Parapuan.co - Ribut-ribut perdebatan tentang penerapan sistem proporsional terbuka atau tertutup pada Pemilu Legislatif 2024 mendatang hanya condong pada satu hal, dan hal itu saja: usaha partai politik untuk mendulang suara dan menjadi partai pemenang yang menguasai pemerintahan.
Selebihnya, partai terlihat tak mau repot-repot membenahi persoalan internal yang justru lebih krusial yang merupakan fungsi utamanya, yakni sebagai medium untuk perekrutan dan kaderisasi serta sebagai corong pendidikan dan sosialisasi politik kepada masyarakat (Miriam Budiardjo, 2008).
Padahal jika partai politik berhasil menjalankan kewajiban terpentingnya, tak peduli sistem proporsional apapun yang diterapkan pada saat pemilu nanti, partai berpotensi tetap mendapatkan suara dan simpati dari para pemilih saat pelaksanaan pemilu.

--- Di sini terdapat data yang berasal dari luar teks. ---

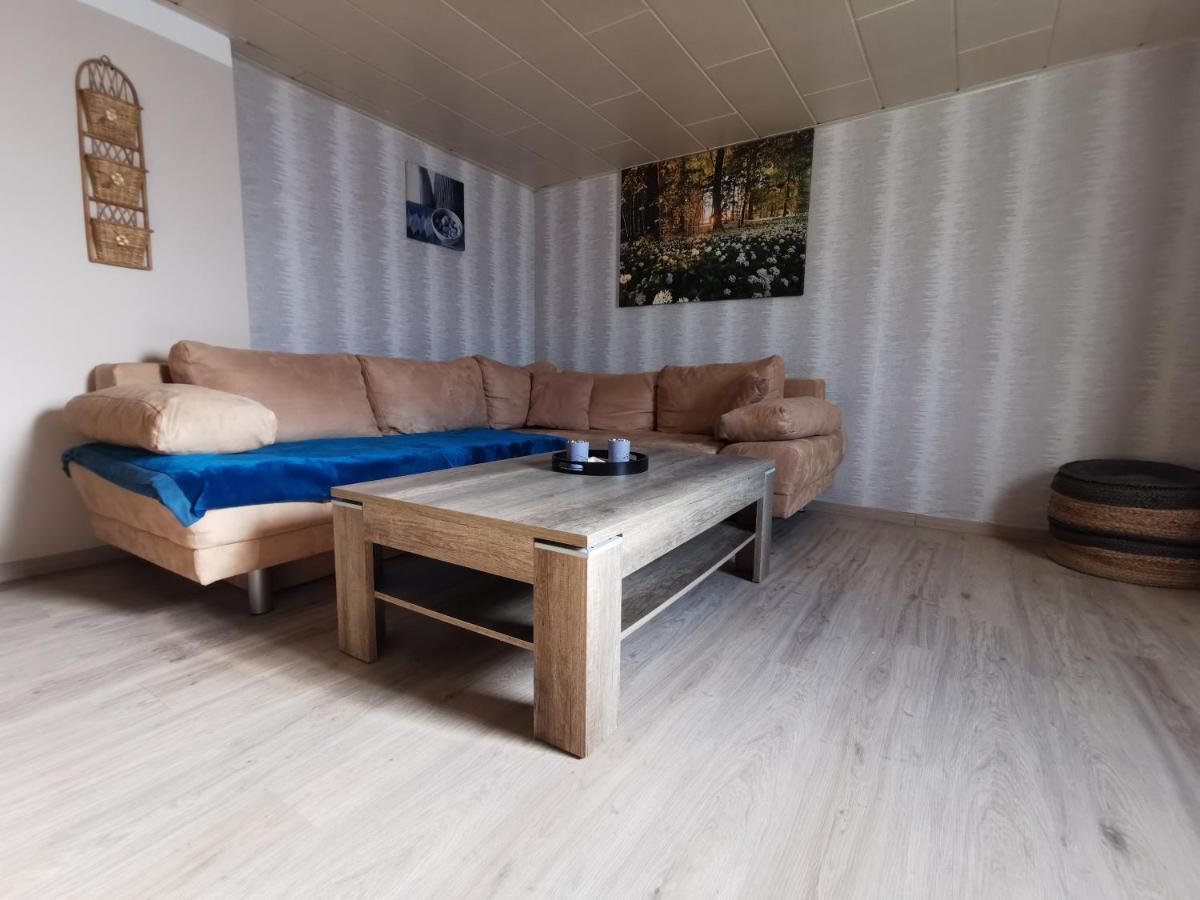 Tweet Tohuus Apartment Feldberger Seenlandschaft Luaran gambar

Baca Juga: Mengenal Apa Itu Sistem Proporsional Tertutup yang Disebut Bakal Dipakai dalam Pemilu 2024
Suara untuk Partai Tidak Datang dari Popularitas
Yang lupa disadari oleh partai politik (parpol) ketika bicara tentang kekuasaan adalah, bahwasanya partai hanya mampu mendapatkannya lewat simpati dan keinginan pemilih (voter) yang diwujudkan dalam perilaku memilih di dalam kotak suara.
Dalam setiap wacana politik yang bergulir, selalu topik tentang rakyat (yang merupakan pemilih dan pemberi suara bagi partai) tidak ikut disertakan.
Rakyat hanya dianggap sebagai sesuatu yang pasif, yang menonton adegan kebisingan partai politik saat berusaha dengan segala cara untuk mencapai tampuk kepemimpinan.
Hal lain yang kerap diabaikan oleh parpol dalam meraih dan mempertahankan kekuasaan secara konstan adalah dengan menjaga serta mempertahankan loyalitas pemilih terhadap partai.
Sayangnya loyalitas ini tidak akan pernah terbentuk apabila pemilih tidak memiliki kedekatan dengan parpol maupun kader-kadernya.